En ces temps de trahisons et de reniements, souvenons-nous de ceux qui gardèrent jusqu'au bout leur honneur et leur fidélité.

Et pour ce souvenir du sacrifice de Bassompierre, ce témoignage de R. L. Bruckberger, religieux engagé dans les rangs de la résistance, et défenseur des miliciens...
J'ai donc vu mourir Darnand. L'exécution capitale est horrible. Mais celle-ci avait une majesté sacrificielle qui la marquait d'une espèce de légitimité. J'ai vu mourir Bassompierre. Cela ressemblait à un mauvais coup. Quand au tout petit jour, nous sommes entrés dans cette cellule, le procureur n'a rien dit. Bassompierre avait compris. Il était debout et habillé. Il attendait. Il eut un rire d'une insolence féroce.
-Vous êtes bien matinaux, messieurs. Vous arrivez comme des voleurs, ah oui, comme des voleurs. Comme des voleurs...
Il fallait faire vite, vite. Comme des voleurs. Pas de messe, vite, vite. Bassompierre va à la fenêtre et d'une voix basse et distincte :
-Pierre, Jean, Marcel, François, ici Bassom ! Au revoir les amis ! Bon courage !

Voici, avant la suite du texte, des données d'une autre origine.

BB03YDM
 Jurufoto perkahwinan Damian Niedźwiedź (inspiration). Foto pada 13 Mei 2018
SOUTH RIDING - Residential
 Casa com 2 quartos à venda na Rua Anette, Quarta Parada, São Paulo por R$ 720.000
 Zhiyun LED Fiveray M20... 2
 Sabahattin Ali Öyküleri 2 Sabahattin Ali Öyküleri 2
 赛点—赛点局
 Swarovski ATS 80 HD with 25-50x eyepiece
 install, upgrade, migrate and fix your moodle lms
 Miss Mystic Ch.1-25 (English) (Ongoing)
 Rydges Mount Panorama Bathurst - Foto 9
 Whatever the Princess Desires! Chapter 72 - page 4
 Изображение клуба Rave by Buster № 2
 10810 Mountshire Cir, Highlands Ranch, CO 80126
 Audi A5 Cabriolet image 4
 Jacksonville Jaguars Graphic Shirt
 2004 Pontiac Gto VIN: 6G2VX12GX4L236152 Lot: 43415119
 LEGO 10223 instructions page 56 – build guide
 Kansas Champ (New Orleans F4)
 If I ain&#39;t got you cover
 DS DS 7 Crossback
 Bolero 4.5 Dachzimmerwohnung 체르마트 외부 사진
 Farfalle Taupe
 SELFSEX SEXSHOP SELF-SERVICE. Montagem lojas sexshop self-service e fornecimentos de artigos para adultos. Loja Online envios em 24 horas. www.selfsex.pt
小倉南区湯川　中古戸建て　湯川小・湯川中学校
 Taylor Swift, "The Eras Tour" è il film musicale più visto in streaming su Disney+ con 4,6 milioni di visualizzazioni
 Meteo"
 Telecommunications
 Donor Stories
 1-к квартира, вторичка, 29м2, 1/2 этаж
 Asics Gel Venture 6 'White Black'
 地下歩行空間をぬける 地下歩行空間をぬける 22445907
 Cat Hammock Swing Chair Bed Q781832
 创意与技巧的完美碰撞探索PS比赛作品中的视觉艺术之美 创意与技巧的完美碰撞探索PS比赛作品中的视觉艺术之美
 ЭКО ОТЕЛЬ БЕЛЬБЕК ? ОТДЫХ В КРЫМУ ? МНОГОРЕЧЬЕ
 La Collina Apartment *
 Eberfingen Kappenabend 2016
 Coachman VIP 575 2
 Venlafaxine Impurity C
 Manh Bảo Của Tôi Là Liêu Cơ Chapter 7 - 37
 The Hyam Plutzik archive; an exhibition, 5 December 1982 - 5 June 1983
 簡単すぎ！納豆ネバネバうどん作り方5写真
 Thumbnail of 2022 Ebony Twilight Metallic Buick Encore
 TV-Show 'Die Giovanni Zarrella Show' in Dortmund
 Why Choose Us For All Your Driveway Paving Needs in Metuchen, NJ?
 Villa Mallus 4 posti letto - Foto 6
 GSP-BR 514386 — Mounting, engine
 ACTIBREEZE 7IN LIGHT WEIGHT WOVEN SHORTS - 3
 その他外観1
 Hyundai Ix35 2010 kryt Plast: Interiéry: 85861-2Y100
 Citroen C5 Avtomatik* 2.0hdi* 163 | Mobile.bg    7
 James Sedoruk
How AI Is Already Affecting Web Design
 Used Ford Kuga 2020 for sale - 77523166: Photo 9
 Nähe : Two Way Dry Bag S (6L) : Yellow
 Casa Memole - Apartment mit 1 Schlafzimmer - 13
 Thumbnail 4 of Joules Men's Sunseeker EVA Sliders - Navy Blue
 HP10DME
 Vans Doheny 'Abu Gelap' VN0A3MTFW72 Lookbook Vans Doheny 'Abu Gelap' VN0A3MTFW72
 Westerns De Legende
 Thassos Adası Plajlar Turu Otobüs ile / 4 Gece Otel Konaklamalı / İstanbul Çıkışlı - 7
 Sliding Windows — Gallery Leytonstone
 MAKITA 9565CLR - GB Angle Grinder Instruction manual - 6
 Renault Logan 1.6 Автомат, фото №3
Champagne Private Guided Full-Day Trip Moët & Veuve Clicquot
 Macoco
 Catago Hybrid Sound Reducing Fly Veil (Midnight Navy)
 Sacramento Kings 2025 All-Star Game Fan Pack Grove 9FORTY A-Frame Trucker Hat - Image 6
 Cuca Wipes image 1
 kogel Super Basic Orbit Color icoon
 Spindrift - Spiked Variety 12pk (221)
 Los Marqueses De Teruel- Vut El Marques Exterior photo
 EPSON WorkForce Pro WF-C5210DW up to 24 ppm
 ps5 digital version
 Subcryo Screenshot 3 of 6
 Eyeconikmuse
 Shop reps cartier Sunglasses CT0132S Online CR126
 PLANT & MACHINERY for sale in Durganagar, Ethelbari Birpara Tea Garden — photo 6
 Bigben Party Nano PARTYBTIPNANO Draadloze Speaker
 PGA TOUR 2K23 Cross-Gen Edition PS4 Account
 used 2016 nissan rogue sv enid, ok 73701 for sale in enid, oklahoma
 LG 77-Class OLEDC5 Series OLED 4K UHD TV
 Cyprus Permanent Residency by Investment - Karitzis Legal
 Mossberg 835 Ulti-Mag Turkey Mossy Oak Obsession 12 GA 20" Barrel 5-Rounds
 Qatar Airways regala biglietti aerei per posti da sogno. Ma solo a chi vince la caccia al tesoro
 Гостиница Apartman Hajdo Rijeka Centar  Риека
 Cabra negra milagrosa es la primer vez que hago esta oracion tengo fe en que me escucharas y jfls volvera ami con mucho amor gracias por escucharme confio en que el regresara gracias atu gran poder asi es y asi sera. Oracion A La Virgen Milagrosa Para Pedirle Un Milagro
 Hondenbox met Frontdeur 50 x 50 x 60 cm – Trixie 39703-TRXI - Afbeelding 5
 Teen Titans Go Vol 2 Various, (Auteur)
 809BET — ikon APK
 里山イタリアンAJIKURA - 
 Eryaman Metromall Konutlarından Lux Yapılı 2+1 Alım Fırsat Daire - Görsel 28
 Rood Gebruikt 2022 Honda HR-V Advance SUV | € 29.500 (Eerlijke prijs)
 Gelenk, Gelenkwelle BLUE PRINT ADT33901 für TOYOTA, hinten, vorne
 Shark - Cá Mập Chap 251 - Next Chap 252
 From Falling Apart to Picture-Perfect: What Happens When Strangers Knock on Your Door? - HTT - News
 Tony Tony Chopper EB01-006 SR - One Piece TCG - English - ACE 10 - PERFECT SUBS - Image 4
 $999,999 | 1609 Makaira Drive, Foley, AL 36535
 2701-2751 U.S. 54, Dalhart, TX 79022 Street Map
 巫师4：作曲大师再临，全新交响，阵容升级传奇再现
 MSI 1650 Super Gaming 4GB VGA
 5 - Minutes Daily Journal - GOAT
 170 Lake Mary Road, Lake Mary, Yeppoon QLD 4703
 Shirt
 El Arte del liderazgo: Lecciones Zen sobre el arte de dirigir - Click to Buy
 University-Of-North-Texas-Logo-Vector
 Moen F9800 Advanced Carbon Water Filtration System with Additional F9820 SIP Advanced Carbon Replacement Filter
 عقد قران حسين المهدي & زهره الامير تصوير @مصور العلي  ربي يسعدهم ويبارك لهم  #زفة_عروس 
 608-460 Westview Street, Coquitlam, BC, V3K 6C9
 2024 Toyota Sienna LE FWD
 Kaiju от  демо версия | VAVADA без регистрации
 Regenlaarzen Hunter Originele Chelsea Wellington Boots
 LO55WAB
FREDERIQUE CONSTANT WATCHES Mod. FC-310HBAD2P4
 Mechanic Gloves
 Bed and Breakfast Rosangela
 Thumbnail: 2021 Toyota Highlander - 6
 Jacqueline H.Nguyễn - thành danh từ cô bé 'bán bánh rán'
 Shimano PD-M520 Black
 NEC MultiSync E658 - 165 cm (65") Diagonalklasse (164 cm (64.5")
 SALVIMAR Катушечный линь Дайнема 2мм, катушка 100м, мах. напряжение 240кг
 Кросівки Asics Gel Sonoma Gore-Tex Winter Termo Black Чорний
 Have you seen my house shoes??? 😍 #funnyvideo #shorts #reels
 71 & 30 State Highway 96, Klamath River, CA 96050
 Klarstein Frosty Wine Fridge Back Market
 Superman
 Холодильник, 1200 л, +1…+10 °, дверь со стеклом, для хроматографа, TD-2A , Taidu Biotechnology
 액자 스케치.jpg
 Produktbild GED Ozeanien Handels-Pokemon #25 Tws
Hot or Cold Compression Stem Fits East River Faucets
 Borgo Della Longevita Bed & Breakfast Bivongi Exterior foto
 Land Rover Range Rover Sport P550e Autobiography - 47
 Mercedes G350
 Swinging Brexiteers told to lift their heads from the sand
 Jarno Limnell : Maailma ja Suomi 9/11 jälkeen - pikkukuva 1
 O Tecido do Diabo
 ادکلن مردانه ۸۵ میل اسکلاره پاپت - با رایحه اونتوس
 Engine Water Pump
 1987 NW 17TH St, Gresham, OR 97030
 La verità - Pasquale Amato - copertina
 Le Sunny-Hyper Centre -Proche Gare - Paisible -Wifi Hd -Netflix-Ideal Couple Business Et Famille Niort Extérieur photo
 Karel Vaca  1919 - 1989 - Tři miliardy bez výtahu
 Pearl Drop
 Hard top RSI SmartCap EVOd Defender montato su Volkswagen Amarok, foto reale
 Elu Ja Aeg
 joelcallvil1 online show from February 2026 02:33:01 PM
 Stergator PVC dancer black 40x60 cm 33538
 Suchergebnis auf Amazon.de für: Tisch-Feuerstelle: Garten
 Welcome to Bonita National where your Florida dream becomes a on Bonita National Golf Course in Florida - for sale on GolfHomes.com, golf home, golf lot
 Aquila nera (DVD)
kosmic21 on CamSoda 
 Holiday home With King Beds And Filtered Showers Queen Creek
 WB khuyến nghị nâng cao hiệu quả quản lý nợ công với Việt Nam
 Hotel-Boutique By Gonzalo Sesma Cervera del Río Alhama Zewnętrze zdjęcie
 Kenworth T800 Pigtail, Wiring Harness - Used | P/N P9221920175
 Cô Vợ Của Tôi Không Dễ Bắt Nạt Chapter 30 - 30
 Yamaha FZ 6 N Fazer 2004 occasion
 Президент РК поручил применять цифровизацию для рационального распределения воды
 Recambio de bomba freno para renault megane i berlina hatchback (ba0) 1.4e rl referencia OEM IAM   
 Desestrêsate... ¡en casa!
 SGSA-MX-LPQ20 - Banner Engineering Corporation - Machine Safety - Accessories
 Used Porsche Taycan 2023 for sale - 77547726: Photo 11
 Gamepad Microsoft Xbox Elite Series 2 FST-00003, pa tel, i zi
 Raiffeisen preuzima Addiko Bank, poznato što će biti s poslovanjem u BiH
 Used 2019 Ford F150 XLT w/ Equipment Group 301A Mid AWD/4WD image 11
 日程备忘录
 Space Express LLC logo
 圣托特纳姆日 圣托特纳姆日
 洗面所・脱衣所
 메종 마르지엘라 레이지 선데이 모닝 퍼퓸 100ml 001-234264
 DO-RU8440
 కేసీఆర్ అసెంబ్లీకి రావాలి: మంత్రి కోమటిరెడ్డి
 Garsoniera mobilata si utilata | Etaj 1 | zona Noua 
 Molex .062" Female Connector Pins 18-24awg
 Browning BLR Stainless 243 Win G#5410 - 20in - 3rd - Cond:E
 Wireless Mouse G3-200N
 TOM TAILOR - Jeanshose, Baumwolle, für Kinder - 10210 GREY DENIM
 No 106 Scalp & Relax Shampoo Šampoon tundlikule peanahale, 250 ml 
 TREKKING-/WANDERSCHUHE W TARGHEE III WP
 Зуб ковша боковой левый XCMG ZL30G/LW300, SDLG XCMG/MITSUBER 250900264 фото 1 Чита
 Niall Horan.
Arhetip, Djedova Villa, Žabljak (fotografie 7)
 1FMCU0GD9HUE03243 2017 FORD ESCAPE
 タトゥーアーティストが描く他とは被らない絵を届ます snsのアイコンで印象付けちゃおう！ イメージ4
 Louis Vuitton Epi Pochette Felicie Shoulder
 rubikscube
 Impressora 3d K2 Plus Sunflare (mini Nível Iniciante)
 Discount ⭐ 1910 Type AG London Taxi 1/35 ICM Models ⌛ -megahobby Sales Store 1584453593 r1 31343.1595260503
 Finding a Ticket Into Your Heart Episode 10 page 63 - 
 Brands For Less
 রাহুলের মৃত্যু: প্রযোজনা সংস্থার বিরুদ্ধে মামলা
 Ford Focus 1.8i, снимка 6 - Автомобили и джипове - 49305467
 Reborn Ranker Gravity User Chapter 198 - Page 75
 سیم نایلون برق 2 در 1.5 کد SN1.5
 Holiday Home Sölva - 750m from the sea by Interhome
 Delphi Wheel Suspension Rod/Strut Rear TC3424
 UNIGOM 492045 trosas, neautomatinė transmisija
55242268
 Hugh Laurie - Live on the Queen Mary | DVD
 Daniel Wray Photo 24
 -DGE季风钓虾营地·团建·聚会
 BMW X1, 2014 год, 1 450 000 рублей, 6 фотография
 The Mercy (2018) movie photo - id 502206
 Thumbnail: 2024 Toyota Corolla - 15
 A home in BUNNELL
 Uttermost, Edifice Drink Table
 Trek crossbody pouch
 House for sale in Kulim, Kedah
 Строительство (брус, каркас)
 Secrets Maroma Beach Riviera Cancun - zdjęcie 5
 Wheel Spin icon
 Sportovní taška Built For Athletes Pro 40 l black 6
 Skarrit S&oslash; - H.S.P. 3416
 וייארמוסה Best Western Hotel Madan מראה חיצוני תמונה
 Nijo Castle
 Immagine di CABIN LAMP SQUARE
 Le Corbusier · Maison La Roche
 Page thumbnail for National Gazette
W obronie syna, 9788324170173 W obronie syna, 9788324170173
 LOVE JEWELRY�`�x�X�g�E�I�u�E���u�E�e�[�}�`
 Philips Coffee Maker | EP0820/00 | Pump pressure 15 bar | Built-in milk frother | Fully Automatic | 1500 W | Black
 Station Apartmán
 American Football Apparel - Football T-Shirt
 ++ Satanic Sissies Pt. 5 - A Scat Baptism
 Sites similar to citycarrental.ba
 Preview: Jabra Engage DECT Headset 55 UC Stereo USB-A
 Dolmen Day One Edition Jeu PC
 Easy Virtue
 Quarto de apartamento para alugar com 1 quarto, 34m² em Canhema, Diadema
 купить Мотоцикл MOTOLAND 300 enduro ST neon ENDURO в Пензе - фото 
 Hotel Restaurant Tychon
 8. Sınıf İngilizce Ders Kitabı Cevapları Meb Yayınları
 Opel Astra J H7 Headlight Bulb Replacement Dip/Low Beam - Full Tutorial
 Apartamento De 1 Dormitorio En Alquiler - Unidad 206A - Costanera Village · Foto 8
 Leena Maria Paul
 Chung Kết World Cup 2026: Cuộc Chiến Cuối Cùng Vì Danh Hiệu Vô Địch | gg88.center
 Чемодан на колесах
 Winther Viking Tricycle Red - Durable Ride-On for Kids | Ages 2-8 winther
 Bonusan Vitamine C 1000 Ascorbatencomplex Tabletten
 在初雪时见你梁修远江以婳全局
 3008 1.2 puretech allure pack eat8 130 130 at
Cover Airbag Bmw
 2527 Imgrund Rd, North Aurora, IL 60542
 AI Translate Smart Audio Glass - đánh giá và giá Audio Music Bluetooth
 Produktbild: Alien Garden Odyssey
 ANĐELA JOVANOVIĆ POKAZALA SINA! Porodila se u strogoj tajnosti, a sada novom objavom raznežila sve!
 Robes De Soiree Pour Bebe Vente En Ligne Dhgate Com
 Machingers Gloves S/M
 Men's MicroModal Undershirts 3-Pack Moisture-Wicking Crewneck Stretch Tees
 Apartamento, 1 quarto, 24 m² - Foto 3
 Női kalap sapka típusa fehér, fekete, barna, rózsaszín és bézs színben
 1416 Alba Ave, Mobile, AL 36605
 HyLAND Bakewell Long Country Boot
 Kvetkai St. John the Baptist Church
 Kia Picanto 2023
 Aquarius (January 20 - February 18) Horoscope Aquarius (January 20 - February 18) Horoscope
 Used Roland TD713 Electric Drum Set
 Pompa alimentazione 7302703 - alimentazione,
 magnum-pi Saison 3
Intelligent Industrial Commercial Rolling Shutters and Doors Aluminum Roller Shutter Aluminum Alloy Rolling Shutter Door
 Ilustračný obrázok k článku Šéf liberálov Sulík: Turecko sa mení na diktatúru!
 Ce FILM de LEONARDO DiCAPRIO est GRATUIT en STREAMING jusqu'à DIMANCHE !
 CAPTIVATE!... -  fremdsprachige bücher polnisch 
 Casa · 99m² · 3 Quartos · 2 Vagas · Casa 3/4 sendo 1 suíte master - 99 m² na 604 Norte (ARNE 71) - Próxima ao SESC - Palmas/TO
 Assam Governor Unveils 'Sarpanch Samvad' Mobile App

Les policiers se précipitent :
-Chut ! Chut ! Taisez-vous !
-N'ayez pas peur, dit Bassompierre.
Vite, vite ! On s'en va, on entraîne Bassompierre à travers les immenses corridors. Toutes les cellules superposées sont fermées à clefs. Les interminables galeries sont vides. Alors derrière chaque porte de cachot, cinq ou six paires de poings rageusement à cogner. Des centaines de voix crient :
-Assassins !
-Salauds !
-Bassompierre, on te vengera !
Vite, vite ! Tout le monde courbe le dos. La petite troupe s'enfuit, entrainant sa victime enchaînée. Vite, vite ! Le fourgon, le poteau, la salve, le cimetière. Ah, oui ! Comme des voleurs !
C'est ça votre justice ? Elle n'ose même plus regarder ses victimes en face. Quel est celui de ces bons papas républicains qui aura l'estomac de dire et de faire comme Charles IX :
-Tuez-le ! Mais tuez-les tous ! Qu'il n'en reste pas un qui puisse venir me le reprocher.
R. L. Bruckberger, Nous n'irons plus au bois.